When an abnormally large message is sent between Group Replication group members, it can result in some group members being reported as failed and expelled from the group. This is because the single thread used by Group Replication's group communication engine (XCom, a Paxos variant) is occupied processing the message for too long, so some of the group members might report the receiver as failed. By default, large messages are automatically split into fragments that are sent separately and reassembled by the recipients.
The system variable
group_replication_communication_max_message_size
specifies a maximum message size for Group Replication
communications, above which messages are fragmented. The default
maximum message size is 10485760 bytes (10 MiB). The greatest
permitted value is the same as the maximum value of the
replica_max_allowed_packet
system
variable (1 GB).
group_replication_communication_max_message_size
must be less than
replica_max_allowed_packet
because the applier thread cannot handle message fragments larger
than the maximum permitted packet size. To switch off
fragmentation, specify a zero value for
group_replication_communication_max_message_size
.
As with most other Group Replication system variables, you must restart the Group Replication plugin for the change to take effect. For example:
STOP GROUP_REPLICATION;
SET GLOBAL group_replication_communication_max_message_size= 5242880;
START GROUP_REPLICATION;
Message delivery for a fragmented message is considered complete when all the fragments of the message have been received and reassembled by all the group members. Fragmented messages include information in their headers that enables a member joining during message transmission to recover the earlier fragments that were sent before it joined. If the joining member fails to recover the fragments, it expels itself from the group.

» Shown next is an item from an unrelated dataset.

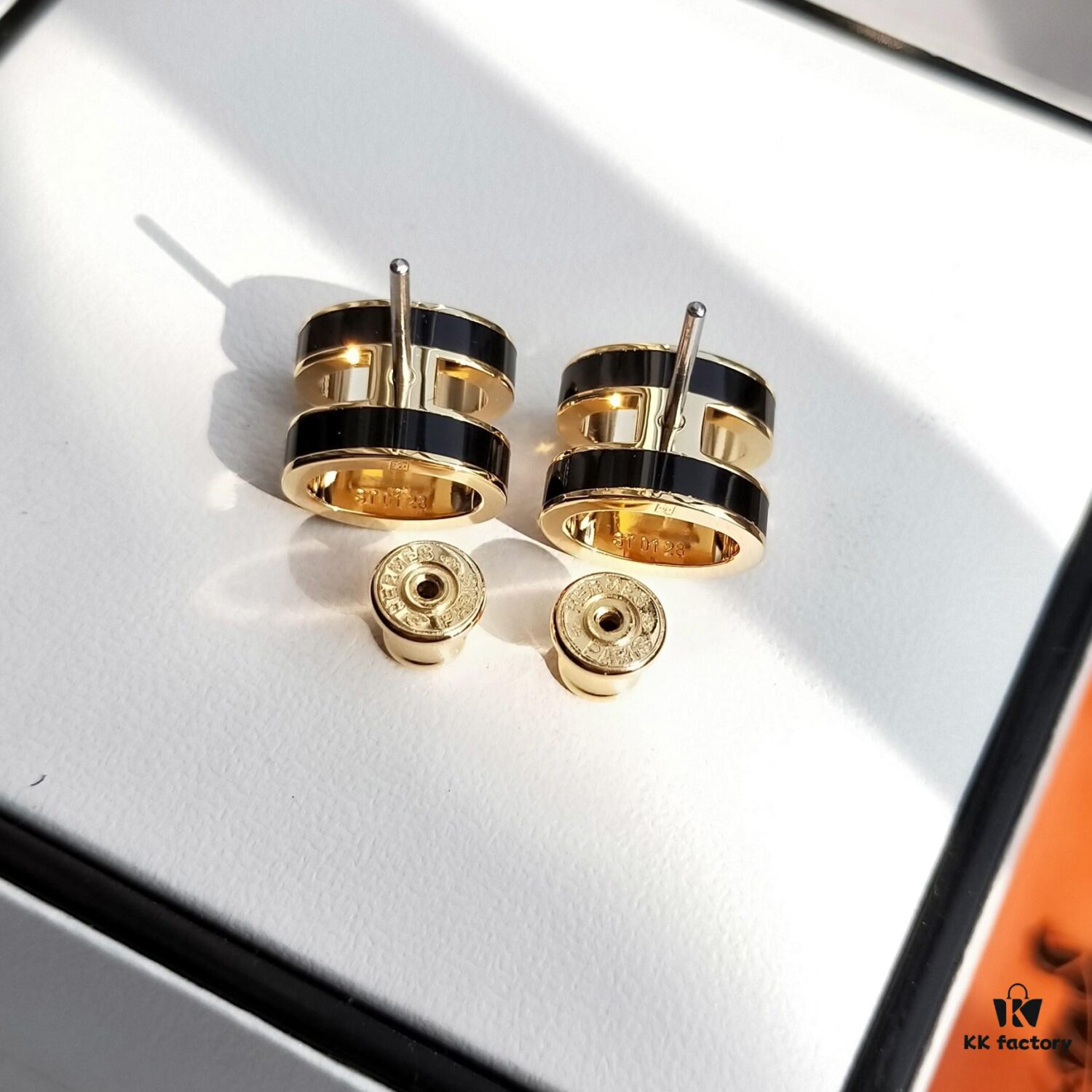 Hermes Pop Platinum-edged H Enamel Stud Earrings with Anti-counterfeit Mark on Backing Plug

The Group Replication communication protocol version in use by the
group must allow fragmentation. You can obtain the communication
protocol in use by a group using
group_replication_get_communication_protocol()
,
which returns the oldest MySQL Server version that the group
supports. If necessary, use
group_replication_set_communication_protocol()
to set the communication protocol version high enough (8.0.16 or
above) to allow fragmentation. For more information, see
Section 20.5.1.4, “Setting a Group's Communication Protocol Version”.
If a replication group cannot use fragmentation because some
members do not support it, the system variable
group_replication_transaction_size_limit
can be used to limit the maximum size of transactions the group
accepts. Transactions above this size are rolled back. You can
also use
group_replication_member_expel_timeout
to allow additional time (up to an hour) before a member under
suspicion of having failed is expelled from the group.